お姉ちゃんの夢だった。サエも「おめでとう。」と言った。良かった。本当に良かった。お姉ちゃんは美人で頭が良くて、そんなお姉ちゃんの夢が叶うのは当然のことだ。と思った。お母さんは「サエちゃんも頑張って。」という。頑張らなきゃいけないんだ、と思う。なぜだか分からないけど、負けちゃいけないんだ、と思う。本当はサエは公立の中学でも良かった。だけど、誰にも言えなかった。私立の中学校に合格することが私の夢で、なによりもお母さんの夢だからだ。お母さんはがっかりしたような顔をするだろう。サエは無事、私立の中学校に合格した。ほっとした。もう頑張らなくてもいいんだ、と思ったら、心が晴れやかになった。試験は終わったはずなのに、どうしてだろう。中学校に入って、特に二年生に上がってから、キツイ。スズカに嫌われちゃだめなんだ、スズカたちと一緒にいることが、合格で、一緒にいられなくなることは、不合格で。

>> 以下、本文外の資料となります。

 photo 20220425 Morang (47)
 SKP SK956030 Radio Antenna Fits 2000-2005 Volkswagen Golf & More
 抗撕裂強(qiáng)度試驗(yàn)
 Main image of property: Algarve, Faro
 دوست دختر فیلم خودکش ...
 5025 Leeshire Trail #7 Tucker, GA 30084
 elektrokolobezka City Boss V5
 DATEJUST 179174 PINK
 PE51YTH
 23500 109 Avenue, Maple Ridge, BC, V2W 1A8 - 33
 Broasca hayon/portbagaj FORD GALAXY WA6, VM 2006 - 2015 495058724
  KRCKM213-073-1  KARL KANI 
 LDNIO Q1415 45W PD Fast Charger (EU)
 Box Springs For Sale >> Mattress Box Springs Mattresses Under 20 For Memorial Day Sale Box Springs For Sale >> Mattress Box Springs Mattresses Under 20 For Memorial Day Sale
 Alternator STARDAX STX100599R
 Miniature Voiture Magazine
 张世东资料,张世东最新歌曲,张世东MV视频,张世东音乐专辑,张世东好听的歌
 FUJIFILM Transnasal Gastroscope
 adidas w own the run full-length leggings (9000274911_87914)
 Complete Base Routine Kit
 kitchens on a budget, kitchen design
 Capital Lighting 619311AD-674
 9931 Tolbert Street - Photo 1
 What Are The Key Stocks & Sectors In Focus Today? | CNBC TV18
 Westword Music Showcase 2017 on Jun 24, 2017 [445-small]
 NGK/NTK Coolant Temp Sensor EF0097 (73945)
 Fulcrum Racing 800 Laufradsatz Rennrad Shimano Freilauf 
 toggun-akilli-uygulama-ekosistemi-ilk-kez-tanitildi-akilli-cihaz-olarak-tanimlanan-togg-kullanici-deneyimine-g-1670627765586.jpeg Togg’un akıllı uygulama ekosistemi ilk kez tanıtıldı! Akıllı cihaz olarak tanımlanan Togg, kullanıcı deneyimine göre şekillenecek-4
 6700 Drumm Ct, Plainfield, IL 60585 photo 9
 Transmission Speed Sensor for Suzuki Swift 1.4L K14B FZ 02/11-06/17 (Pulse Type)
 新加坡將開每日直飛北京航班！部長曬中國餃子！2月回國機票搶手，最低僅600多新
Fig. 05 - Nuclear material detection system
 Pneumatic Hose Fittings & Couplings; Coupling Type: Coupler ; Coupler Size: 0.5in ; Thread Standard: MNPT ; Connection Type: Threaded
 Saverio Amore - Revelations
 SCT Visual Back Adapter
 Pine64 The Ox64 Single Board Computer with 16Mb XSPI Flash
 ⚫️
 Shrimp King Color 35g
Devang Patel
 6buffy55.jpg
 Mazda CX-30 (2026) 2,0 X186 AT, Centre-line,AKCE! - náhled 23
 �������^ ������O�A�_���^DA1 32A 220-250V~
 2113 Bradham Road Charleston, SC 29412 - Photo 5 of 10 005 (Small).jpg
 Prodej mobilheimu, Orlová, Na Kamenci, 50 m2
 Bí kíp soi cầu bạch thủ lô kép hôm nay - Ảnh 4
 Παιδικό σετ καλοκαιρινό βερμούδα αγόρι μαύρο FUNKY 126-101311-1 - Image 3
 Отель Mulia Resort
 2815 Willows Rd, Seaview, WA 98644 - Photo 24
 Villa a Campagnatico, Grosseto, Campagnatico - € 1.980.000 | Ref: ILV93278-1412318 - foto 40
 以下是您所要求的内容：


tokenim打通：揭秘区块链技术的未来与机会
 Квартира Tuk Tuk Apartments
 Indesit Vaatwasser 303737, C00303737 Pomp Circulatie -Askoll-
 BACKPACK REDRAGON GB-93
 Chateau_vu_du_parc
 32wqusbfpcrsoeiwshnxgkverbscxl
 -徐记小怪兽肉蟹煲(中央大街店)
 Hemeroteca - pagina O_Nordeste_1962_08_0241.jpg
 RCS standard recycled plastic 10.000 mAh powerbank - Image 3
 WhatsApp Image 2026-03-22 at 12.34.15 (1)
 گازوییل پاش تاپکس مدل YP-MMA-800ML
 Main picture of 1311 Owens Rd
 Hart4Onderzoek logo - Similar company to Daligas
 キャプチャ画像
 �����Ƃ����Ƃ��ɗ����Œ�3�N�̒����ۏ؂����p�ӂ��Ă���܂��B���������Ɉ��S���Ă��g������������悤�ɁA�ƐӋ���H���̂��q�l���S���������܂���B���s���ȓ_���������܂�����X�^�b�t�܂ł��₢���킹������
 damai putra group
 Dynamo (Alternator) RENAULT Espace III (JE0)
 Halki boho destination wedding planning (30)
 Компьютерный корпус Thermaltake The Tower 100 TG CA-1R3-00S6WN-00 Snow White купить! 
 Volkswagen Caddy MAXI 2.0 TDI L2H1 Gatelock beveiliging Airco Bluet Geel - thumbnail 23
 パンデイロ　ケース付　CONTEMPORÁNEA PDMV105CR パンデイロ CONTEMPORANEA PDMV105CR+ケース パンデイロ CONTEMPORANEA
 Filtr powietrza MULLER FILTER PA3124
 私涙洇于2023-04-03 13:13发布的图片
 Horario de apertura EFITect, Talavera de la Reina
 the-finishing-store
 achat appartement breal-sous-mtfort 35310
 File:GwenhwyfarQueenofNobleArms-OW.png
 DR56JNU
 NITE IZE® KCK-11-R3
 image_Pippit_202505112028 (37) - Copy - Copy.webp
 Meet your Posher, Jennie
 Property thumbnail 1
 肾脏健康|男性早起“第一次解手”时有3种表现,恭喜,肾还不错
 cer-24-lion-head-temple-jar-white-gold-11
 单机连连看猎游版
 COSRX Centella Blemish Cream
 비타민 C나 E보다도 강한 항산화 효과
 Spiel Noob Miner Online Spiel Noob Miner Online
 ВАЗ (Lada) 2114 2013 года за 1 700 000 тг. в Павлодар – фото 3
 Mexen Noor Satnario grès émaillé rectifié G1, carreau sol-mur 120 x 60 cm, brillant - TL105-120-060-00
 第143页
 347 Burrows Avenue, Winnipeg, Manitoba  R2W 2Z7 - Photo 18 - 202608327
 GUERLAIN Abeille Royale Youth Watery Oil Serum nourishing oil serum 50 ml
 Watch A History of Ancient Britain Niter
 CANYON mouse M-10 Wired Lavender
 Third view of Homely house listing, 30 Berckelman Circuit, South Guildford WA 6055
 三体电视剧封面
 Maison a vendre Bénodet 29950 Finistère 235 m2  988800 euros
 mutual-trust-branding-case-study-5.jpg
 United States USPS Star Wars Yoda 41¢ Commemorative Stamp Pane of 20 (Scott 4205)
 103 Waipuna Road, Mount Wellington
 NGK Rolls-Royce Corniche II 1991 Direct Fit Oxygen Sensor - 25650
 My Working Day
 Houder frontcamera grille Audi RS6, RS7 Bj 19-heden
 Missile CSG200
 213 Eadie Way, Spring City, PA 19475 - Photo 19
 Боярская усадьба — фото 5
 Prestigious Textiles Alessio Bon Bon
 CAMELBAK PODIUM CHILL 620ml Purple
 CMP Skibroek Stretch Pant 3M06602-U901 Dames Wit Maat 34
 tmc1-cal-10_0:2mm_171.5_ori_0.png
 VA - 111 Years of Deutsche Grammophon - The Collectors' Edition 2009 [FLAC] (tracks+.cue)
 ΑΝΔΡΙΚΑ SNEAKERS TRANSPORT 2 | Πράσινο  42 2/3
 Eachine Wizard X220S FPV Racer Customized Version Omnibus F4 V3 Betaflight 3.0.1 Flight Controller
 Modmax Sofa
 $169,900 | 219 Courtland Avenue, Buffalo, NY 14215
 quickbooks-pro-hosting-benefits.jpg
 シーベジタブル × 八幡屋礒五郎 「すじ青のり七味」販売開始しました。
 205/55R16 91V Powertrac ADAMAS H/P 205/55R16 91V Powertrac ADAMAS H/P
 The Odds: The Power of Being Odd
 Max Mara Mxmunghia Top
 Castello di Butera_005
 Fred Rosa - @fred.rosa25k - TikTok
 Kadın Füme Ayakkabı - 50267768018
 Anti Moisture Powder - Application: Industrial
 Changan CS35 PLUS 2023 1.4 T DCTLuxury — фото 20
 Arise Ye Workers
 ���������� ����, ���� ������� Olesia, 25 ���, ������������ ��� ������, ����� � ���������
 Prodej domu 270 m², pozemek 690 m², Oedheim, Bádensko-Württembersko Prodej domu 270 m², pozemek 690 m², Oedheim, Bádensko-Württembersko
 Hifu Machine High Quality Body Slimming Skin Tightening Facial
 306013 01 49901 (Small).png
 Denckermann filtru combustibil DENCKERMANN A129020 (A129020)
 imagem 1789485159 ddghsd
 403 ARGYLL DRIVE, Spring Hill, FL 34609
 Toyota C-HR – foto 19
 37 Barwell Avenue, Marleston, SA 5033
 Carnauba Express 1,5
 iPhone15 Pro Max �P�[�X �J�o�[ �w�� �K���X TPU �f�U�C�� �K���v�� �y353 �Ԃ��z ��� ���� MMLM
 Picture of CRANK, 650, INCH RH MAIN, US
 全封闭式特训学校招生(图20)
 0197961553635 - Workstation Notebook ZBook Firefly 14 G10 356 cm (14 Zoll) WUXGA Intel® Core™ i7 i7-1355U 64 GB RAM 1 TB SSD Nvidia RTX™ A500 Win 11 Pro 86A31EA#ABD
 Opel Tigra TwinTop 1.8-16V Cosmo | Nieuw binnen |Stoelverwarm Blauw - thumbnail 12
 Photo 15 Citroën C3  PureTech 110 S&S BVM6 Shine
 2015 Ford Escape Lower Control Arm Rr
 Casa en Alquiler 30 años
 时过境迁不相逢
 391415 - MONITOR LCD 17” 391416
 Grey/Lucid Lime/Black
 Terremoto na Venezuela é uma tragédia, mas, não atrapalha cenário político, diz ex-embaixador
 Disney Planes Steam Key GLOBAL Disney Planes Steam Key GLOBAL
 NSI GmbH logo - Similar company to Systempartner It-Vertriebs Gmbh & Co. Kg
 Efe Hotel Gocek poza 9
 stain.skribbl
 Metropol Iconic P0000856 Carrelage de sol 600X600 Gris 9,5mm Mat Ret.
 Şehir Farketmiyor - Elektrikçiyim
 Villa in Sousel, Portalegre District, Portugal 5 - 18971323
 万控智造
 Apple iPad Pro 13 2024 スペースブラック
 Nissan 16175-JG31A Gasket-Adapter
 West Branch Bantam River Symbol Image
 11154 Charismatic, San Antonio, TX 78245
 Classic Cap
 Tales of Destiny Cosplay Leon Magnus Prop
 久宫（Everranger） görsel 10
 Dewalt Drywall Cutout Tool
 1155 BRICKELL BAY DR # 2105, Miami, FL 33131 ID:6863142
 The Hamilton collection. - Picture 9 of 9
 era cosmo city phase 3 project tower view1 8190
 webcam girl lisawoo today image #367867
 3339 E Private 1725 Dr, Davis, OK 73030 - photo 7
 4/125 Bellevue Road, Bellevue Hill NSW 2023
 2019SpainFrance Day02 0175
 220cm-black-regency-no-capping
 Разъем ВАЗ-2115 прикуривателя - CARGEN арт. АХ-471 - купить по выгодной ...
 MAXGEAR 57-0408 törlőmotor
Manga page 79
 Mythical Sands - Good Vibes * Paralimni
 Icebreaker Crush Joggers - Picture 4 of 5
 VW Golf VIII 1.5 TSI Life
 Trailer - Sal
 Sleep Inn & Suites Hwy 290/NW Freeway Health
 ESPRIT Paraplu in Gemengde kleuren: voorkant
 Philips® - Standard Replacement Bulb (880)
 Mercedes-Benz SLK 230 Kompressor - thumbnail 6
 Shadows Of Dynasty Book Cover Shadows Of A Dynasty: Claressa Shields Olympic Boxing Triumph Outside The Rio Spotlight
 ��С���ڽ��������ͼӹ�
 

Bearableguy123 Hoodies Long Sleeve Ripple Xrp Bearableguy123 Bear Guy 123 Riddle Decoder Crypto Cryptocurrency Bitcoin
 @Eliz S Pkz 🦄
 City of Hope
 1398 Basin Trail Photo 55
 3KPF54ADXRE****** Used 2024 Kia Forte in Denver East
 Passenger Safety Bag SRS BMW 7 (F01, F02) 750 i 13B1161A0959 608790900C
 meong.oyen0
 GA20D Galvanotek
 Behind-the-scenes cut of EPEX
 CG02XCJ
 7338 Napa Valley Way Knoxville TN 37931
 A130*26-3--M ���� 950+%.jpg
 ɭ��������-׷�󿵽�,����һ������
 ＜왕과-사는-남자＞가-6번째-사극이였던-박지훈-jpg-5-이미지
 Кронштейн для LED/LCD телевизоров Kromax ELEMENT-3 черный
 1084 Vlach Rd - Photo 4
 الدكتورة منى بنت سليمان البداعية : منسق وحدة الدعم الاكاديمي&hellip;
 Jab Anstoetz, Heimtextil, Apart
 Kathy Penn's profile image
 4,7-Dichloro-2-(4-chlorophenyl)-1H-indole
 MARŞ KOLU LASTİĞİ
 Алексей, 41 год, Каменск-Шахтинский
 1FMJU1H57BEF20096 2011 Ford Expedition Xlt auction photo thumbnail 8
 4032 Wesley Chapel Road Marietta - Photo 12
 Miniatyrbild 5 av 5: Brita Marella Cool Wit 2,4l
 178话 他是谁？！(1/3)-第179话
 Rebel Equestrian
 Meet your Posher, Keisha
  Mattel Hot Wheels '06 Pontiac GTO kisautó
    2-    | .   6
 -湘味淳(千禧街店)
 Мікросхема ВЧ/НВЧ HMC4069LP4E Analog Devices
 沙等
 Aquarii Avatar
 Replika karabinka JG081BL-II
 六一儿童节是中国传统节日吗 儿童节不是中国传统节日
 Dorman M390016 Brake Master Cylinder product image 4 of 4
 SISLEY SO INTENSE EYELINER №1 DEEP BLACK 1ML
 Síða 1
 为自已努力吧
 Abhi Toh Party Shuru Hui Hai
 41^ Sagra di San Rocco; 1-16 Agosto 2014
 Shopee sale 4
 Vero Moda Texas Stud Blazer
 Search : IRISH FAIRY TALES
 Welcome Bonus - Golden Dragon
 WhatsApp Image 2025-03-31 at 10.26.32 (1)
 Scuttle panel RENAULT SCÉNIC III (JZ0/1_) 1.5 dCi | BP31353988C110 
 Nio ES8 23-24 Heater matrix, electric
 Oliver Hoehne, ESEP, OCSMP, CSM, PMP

誰かがトイレに入ってきた。息を殺す。スズカたちだったらどうしよう。みんなが出るまで待とうか。それとも、パッと出て、「おっ、ぐうぜん。スズカたちもトイレ??」って話しかけて、、そんなことを考えていたら、話声がきこえてきた。セリナだ。セリナは先週、スズカやサエたちのグループから抜けて、イオリたちのグループに入った。スズカに悪口を言われるのかと思っていたが、意外と「うちらと一緒にいたくないんなら別に良いんじゃない?」と冷たく言い放って、それからあまりセリナのことは言わなくなった。だから、サエも「ご勝手にどーぞって感じ?」と合わせて言ってから、あの子についてはあまり話さなくなった。